Childish Gambino’s Guava Island (now streaming on Amazon Prime Video) is unlike any movie you’ll see this year. Its cartoony set up leads way to a tropical thriller/comedy/musical that is both parts thought-provoking and fun.
Guava Island follows a local musician, Deni Maroon (Donald Glover), as he plans a music festival for the people of Guava when certain things don’t go as planned.
The first thing you’ll notice is that the movie is shot on classic film, which has a different aspect ratio than people are used to nowadays. After a few minutes, you’ll completely forget about that with beautiful cinematography and a story that sweeps you away.
Short But Sweet
Clocking in at a surprising 55 minutes, Guava Island shockingly never feels rushed or condensed. The story progression feels natural with a nice pace, although there were one or two moments that could’ve benefited from extra build-up for an extra kick.
Nonetheless, the film never lacked excitement. For instance, there’s a moment in the film when the characters are in serious danger. I felt like they were actually in danger. That sense of urgency builds throughout the second half making the investment well worth your time.
While the characters aren’t the most unique in movie history, they are perfect for this particular story. You immediately buy into their motivations and root for them to succeed. They are not plot devices; they actually make you care about what’s going on in the story.

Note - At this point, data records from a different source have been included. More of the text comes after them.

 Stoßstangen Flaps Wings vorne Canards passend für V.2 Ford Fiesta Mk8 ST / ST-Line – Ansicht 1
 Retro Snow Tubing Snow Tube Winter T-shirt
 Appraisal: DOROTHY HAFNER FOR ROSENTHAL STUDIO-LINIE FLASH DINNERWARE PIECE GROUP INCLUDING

Like with every Donald Glover project, the film works as a sociopolitical commentary, similar to that of “This is America,” the video of which is cleverly remade with a different yet equal meaning to the original. The film’s message is meaningful and makes you look at life through a different lens, raising questions you may not have considered before.

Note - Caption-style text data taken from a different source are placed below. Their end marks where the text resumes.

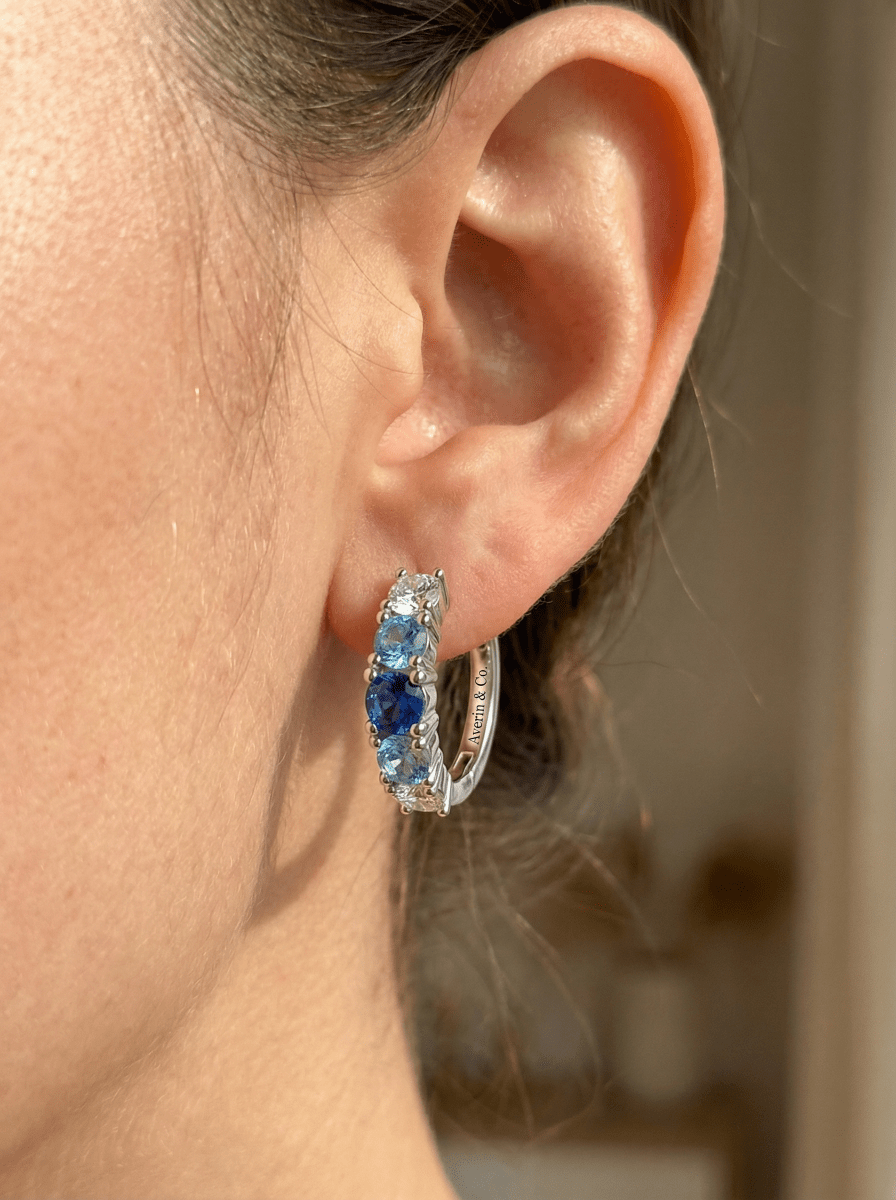 Aurora Crystal Hoops - Averin & Co. - 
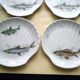 6 Assiettes à poisson en porcelaine de Sologne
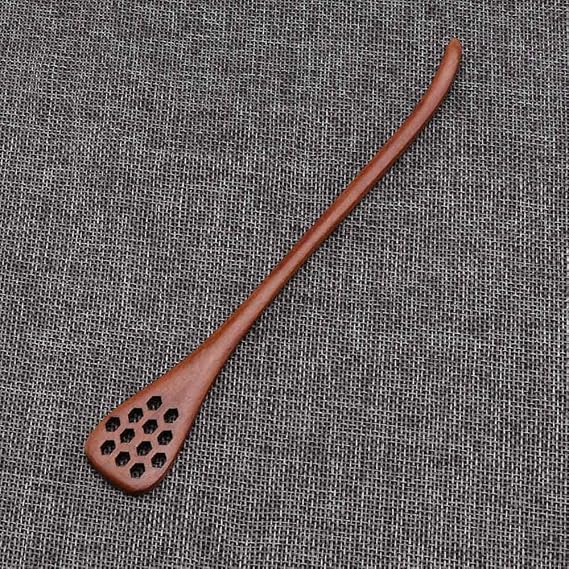generic Wooden Honey Dipper, Baking Cooking Spoon Wooden Stirrer Long Handle Honey Comb Honey Dispenser Spoon Honey Stick for Honey Jar(Brown), AM15SD0709DUS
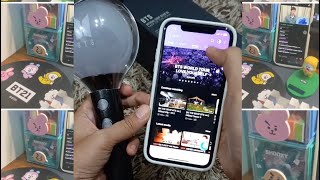 Unboxing my BTS Light Stick MOTS SE Full Version  enzzipreneur [upl. by Celie52]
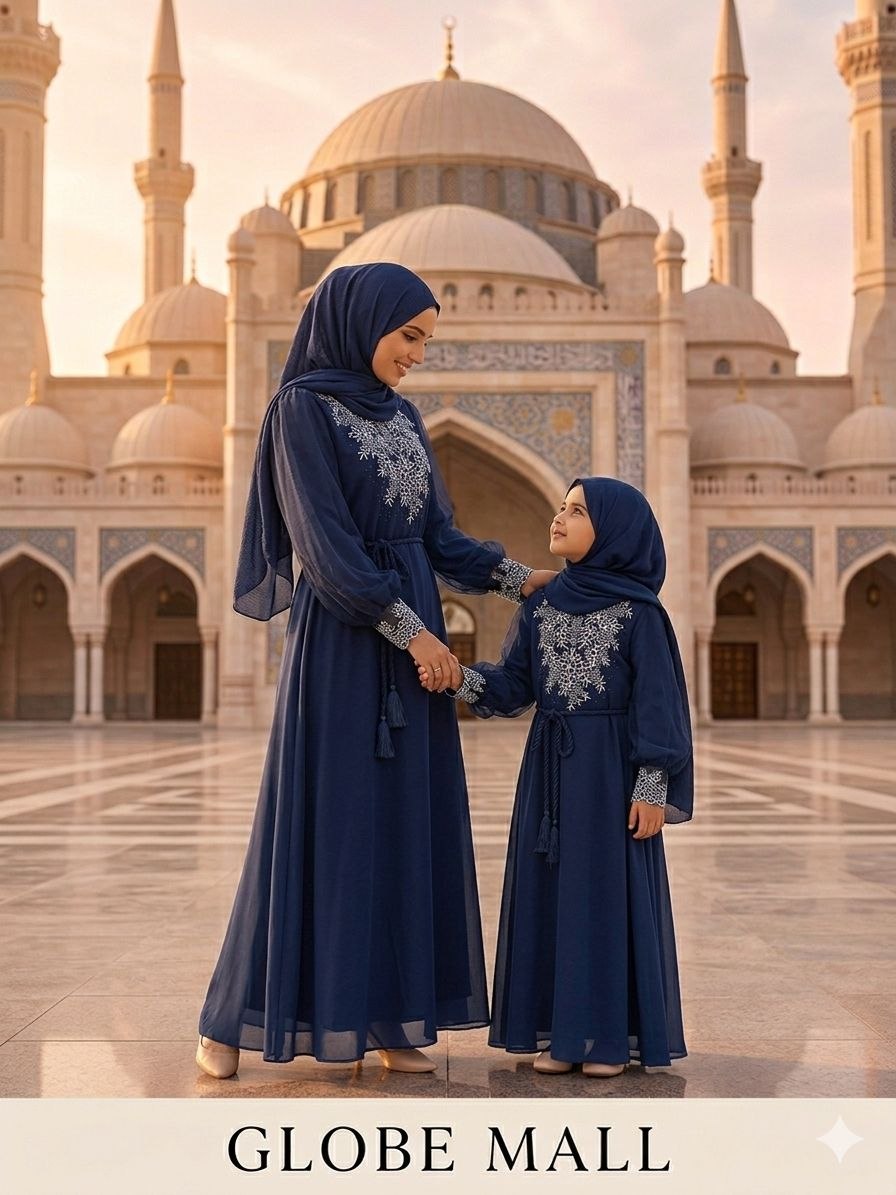Sultana Royal Open Abaya Set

Also like every Donald Glover project, the film is just as weird. For example, the opening feels not unlike the opening to a children’s story, but has strange visual imagery throughout containing a much deeper meaning.
At times, the movie is a Childish Gambino musical. Characters sing and dance to remixed Gambino hits like “This is America,” “Summertime Magic,” and the (still) unreleased “Saturday.” These scenes are when the movie is at its most fun and creative. Like every good musical, each of these songs feel earned and progresses the story forward instead of just being there for the sake of having music.
Its impossible to talk about Guava Island without also talking about the future of Childish Gambino. Ever since Gambino announced he was only going to be releasing one more album before retiring from music completely, fans were left in disbelief, eagerly awaiting said album, and wondering what he’ll do next. It’s hard to imagine he’s never going to make another song again.
After watching this movie, labeled “a Childish Gambino film,” it’s hard to say if the big screen is the direction he’ll take moving forward, or if it’ll just be a one-off project. He’s already gathered a substantial small screen following with the FX hit Atlanta. Whether this is what lies ahead for Gambino fans or not, many will support him and follow him wherever he goes.
Guava Island is a great way to kick off the summer. The story, the setting, and the score create a very fun and tropical vibe; it’s like being on vacation from your couch. While the runtime is short, and probably could’ve benefited from a little more set-up, the film feels like it’s exactly what it set out to be, and that’s why I loved it.